Data section:
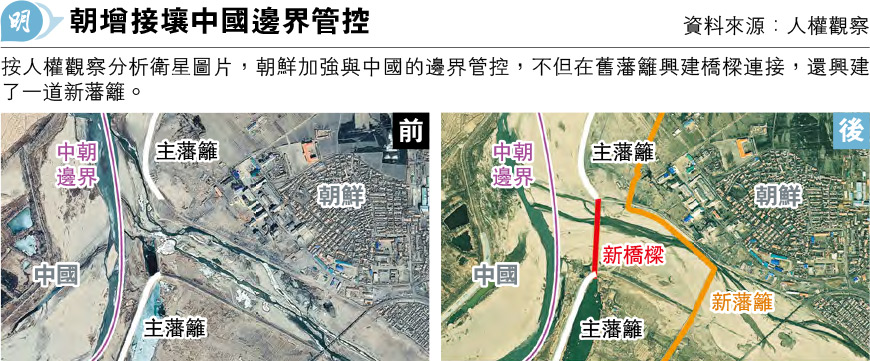 人權組織分析衛星相 證朝疫下增封鎖與華邊境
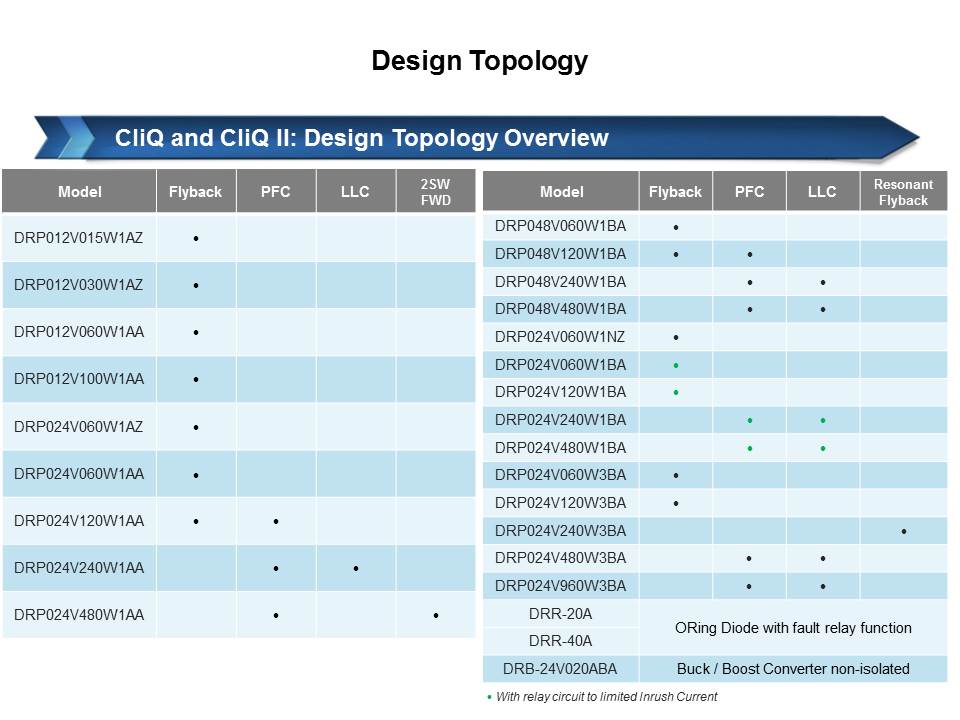 CliQ and CliQ II Series: DIN Rail Power Supplies Slide 9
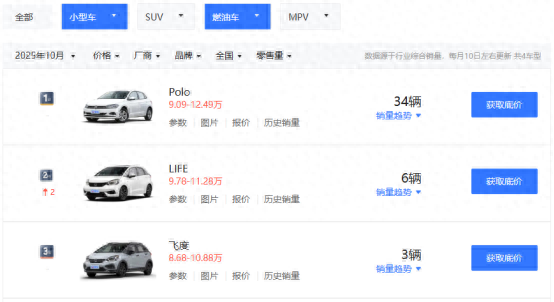 谁在中国市场“杀死	”这款本田神车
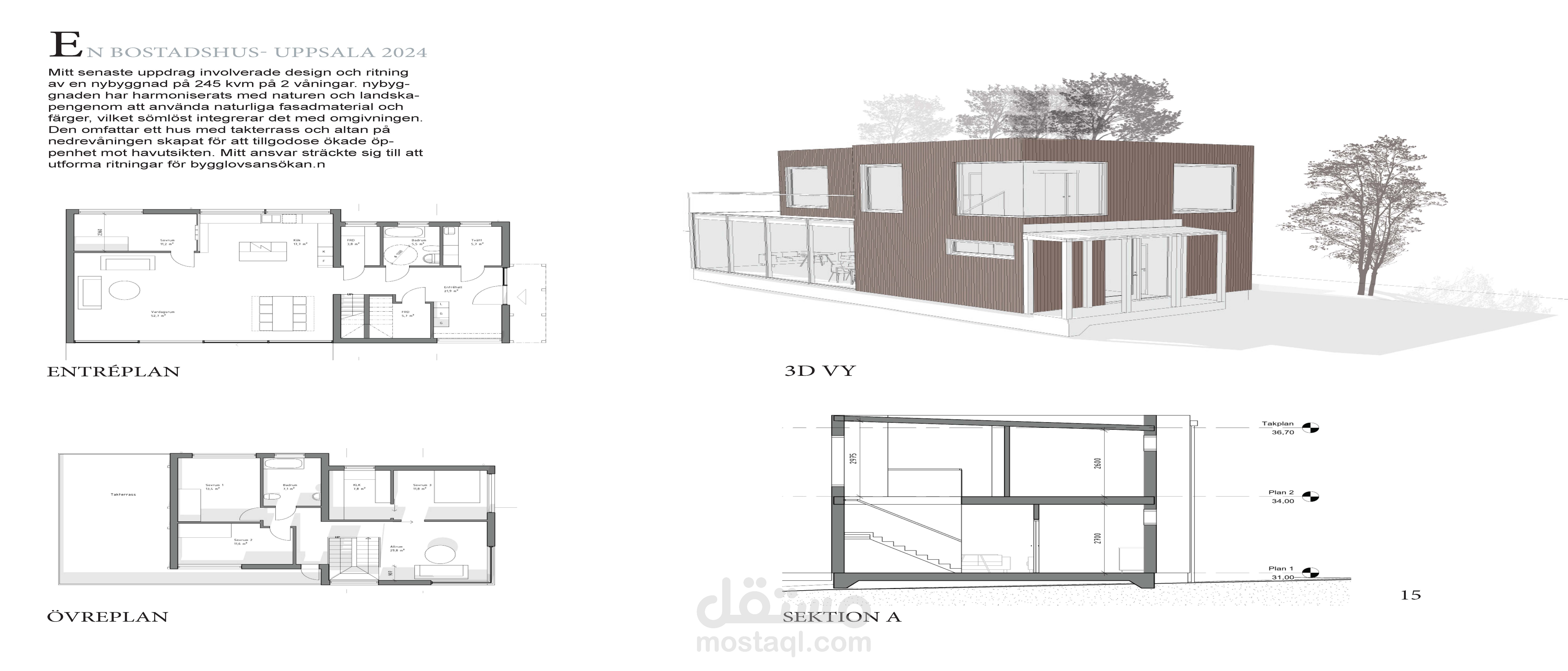 Private villa - Uppsala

Problem requirements:
An exact copy of the whole listing is required, minus the pictures.

Solution:
 人權組織分析衛星相 證朝疫下增封鎖與華邊境
 CliQ and CliQ II Series: DIN Rail Power Supplies Slide 9
 谁在中国市场“杀死	”这款本田神车
 Private villa - Uppsala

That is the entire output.